BERSANI DOPPIA ROSA DI NOMI PER IL QUIRINALE
“IO NON SONO CANDIDATO”… FINOCCHIARO IN POLE POSITION
«Toglietevelo dalla testa, è una gigantesca cavolata. Io non sto brigando per una poltrona, cerco di trovare una soluzione per l’Italia».
Bersani spazza via il suo nome dal toto-Quirinale e lo fa davanti a Roberto Maroni che invece gli offre i voti della Lega per il Colle.
«Gli esterni non devono essere della partita. Noi vogliamo alla presidenza della Repubblica – spiega il leader del Carroccio – un politico puro. Sappi che Berlusconi considera l’idea. Per quanto mi riguarda, la scelta perfetta è il capo del partito di maggioranza. Cioè, tu».
Il rifiuto di Bersani è netto e addirittura risentito. «Di colli mi interessano quelli piacentini », dice a denti stretti.
Ma dal messaggio di Maroni e dai segnali che arrivano dal Pdl si capisce che la larga condivisione può essere raggiunta solo intorno a una personalità di «alta tenuta politica».
Ecco perchè da ieri si lavora su due rose di nomi.
Quella più vasta prevede anche Paola Severino e Luciano Violante.
La prima però ha poca esperienza e farebbe fatica a guidare una fase così difficile.
Il secondo invece ha gli strumenti ma un consenso ballerino soprattutto dentro il centrosinistra. Poi, c’è la rosa ristretta, ma non definitiva.
Giuliano Amato, Franco Marini, Pietro Grasso e il nome che al momento appare più probabile, Anna Finocchiaro.
L’ex capogruppo al Senato corrisponde a molti tratti dell’identikit che ha in mente Bersani e gli consentirebbe di non scivolare sul piano inclinato del Pd in tensione.
Tiene unito il partito, ha estimatori nel centrodestra e nel Carroccio, è una novità assoluta in quanto donna e avrebbe, giocoforza, il placet di Massimo D’Alema, un altro dei papabili in corsa.
La Finocchiaro infatti è una pupilla dell’ex premier, una scelta alla quale non potrebbe dire di no.

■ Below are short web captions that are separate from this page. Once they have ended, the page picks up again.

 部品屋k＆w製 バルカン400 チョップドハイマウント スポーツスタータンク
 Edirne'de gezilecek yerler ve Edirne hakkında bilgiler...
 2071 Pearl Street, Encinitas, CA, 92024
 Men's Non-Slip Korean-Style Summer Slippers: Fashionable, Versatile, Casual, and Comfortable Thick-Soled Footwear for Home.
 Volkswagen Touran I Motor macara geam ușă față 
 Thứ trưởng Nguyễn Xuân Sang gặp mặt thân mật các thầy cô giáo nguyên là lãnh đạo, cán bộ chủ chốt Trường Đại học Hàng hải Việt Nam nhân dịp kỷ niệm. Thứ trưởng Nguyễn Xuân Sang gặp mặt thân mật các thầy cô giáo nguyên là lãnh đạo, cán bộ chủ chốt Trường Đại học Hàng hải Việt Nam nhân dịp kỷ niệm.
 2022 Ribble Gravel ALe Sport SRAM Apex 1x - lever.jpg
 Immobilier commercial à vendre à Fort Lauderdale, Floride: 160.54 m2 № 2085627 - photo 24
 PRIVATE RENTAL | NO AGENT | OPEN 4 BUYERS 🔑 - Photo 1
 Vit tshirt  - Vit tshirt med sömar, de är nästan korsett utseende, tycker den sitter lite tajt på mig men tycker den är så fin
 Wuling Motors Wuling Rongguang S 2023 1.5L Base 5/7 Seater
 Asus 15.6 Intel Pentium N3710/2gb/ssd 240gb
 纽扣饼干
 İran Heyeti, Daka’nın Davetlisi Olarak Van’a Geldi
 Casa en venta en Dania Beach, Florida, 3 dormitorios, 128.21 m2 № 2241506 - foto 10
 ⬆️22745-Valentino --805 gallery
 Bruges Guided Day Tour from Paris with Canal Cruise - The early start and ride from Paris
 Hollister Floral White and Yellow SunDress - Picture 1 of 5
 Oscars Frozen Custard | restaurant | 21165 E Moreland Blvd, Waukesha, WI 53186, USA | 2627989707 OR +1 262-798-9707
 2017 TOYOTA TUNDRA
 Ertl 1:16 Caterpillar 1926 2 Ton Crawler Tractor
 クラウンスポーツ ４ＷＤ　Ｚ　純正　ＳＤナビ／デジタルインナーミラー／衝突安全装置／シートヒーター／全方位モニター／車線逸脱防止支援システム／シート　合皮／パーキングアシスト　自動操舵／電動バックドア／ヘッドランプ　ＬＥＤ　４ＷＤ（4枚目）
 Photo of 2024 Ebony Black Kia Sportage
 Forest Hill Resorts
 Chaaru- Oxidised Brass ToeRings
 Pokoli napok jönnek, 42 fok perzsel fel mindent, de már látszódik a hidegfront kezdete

In realtà , in un gioco di specchi e di false piste, da Bersani arriva un invito a essere prudenti, «a fare uno sforzo ulteriore di fantasia.
Tutti i nomi usciti finora sono adeguati, ma non è detto che una figura politica debba essere quella dello stretto giro dei soliti noti».
Un depistaggio, forse. O un’allusione all’ipotesi di Mario Draghi, oggi presidente della Bce. Nome inattaccabile che permetterebbe a Bersani di evitare errori fatali lungo il sentiero che deve portare al governo di cambiamento.
Berlusconi non sta alla finestra. Gioca su più tavoli.
Ieri Fabrizio Cicchitto ha lanciato Violante.
Un sostegno sincero, ma talmente scoperto da lasciare il dubbio di un candidato “nascosto”. Ossia, D’Alema.
Quello che è certo è che il Cavaliere vuole una figura autorevole e di polso per il Quirinale.
Non ostile, capace di decisioni anche impopolari.
Che non si chiamano amnistia o salvacondotto, ma avrebbero il profilo di qualcosa che assomiglia molto a queste vie d’uscita.
Da giorni, Berlusconi confida ai suoi interlocutori il suo vero obiettivo: un riconoscimento politico con la nomina a senatore a vita.
Non è una garanzia assoluta rispetto alle questioni giudiziarie che lo travolgono.
Lo dimostra il caso di Giulio Andreotti, promosso al laticlavio nel ’91, ma finito lo stesso in processi per mafia e omicidio.
Ma sarebbe il suggello offerto dal Quirinale alla sua traiettoria politica.
Se si troverà un candidato condiviso, il giorno giusto per l’ufficialità è martedì.
Fino ad allora i contatti non si fermeranno.
Ieri sera alle 19, Gianni Letta è stato visto uscire dal portone del Quirinale.
Per conto di Bersani, Vasco Errani ed Enrico Letta sentono gli ambasciatori del Pdl, sfogliando petali ed eliminandoli uno ad uno.
Il braccio destro del segretario Pd Maurizio Migliavacca continua a sondare i parlamentari del Movimento 5stelle per capire quanto sono grandi le spaccature i dissensi.
E oggi i capigruppo Luigi Zanda e Roberto Speranza chiederanno un colloquio ai capigruppo grillini, dopo la prima scrematura della selezione online.